This link gives some background information on common misconceptions in multiplying fractions.(link not active at the moment)

Return to Top

Multiplication of Fractions, using cancelling

When multiplying fractions in the previous section, you multiplied right across the top and right across the bottom, and then reduced the resulting fraction to its lowest terms, if that was necessary. We now introduce a 'short-cut' called cancelling - once you have mastered it, the figures involved will be smaller and the resulting calculation easier.

In the previous section, you reduced a fraction to its lowest terms by dividing a fraction top and bottom by the same whole number.

In a multiplication, you can divide the top of one fraction by a whole number and the bottom of an another fraction by the same whole number.

By analogy with reducing a fraction to its lowest terms, make sure that you divide the top of a fraction and the bottom of another by the same whole number.

Example

\[\frac{16}{3} \times \frac{5}{12}\]

Here I can 'cancel' the 16 and 12.

Both 16 and 12 can be divided by 4, so I

divide the top of the left-hand fraction by 4
and the bottom of the right-hand fraction by 4

to produce

\[\frac{4}{3} \times \frac{5}{3}\]

Multiplying right across the top, and right across the bottom now produces

\[ \frac{20}{9} \]

which is already in its lowest terms.

So you can see the advantages of cancelling

the numbers to be multiplied are smaller and easier to handle
the answer is usually already in its lowest terms - it will be in its lowest terms if all the possible cancellations have been carried out

Example

\[ \frac{63}{45} \times \frac{9}{7} \]

Cancelling top left and bottom right by 7 produces

\[ \frac{9}{45} \times \frac{9}{1} \]

Cancelling bottom left and top right by 9 produces

\[ \frac{9}{5} \times \frac{1}{1} \] This obviously just becomes \[ \frac{9}{5} \]
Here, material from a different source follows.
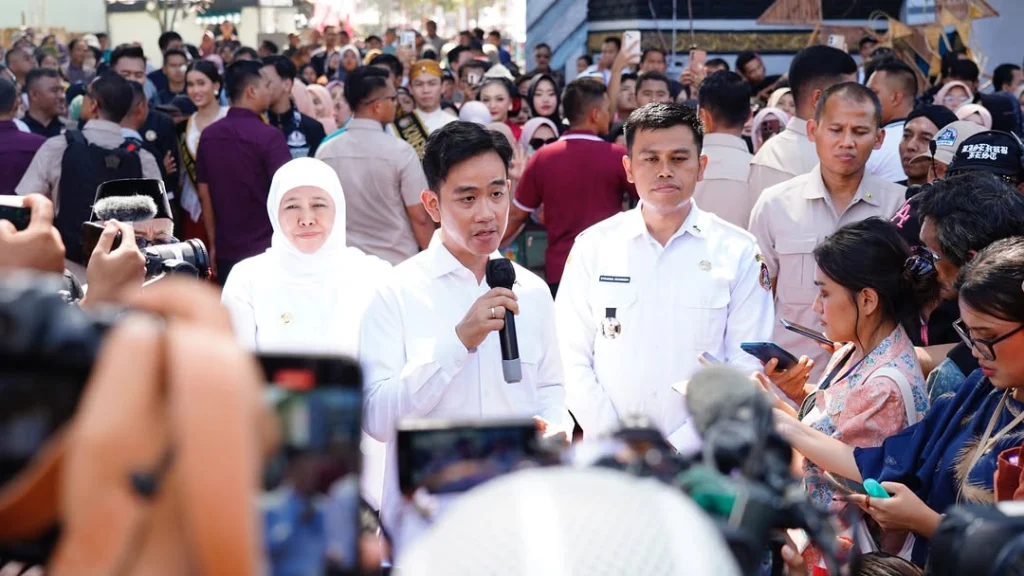 Meriahkan Blitar Djadoel, Guru SD Muhammadiyah Kota Blitar Saksikan Langsung Kehadiran Wapres Gibran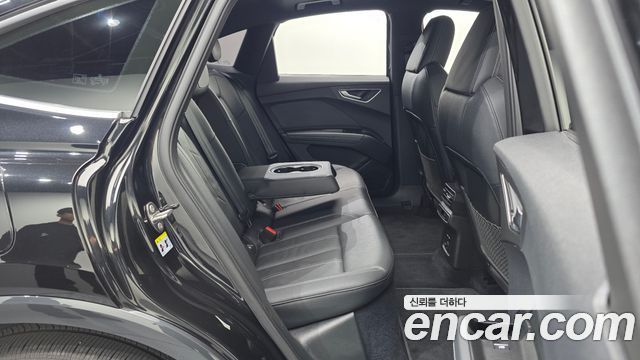 Audi Q4 e-tron 2022 — photo 11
The whole calculation was much easier than if you had tried it without cancellation.

Quick Quiz Carry out the following calculations

4/3 × 6/7
6/32 × 8/12
5/36 × 24/7
3/11 × 44/21
2/25 × 5/8

9/15 × 5/18
3/45 × 5/6
5/13 × 4/5
35/42 × 2/7

Return to Top

Division of Fractions

Method

Replace the division sign by a multiplication sign, and invert the second term.
Treat as a multiplication, as outlined in the previous section.
Reduce to simplest form

\[ \frac{3}{4} \div \frac{4}{5} = \frac{3}{4} \times \frac{5}{4} = \frac{(3\times 5)}{(4 × 4)} = \frac{15}{16} \]

already in its simplest form

\[ \frac{2}{4} \div \frac{3}{4} = \frac{2}{4} \times \frac{4}{3} = \frac{(2\times 4)}{(4\times 3)} = \frac{8}{12}\]

(when simplified)\[ = \frac{2}{3} \]

In the last example, above, the answer is simplified by dividing the numerator and denominator by 4. This maintains the ratio of the fraction.(see Equivalent Fractions under "Fractions-Termiology").
You might find it interesting to visit this link which is concerned with misconceptions arising from dividing a whole number by a fraction. Remember that a whole number can be represented as a fraction by putting it over 1, e.g. 8 = 8/1.
And this link continues these ideas into more general situations.

Quick Quiz Carry out the following calculations, giving your answers in lowest terms

1. 3/4 ÷ 6/7
2. 16/3 ÷ 2/3
3. 4/3 ÷ 2/7
4. 1/2 ÷ 4/5
5. 7/5 ÷ 11/3

6. 9/5 ÷ 6/5
7. 63/45 ÷ 9/7
8. 5/13 ÷ 5/6
9. 34/42 ÷ 2/7

Return to Top

Addition of Fractions

Method

If the denominators are equal, then you add the fractions straightforwardly

Addition involves adding just the numerators
Example

\[ \frac{3}{7} + \frac{2}{7} = \frac{5}{7} \]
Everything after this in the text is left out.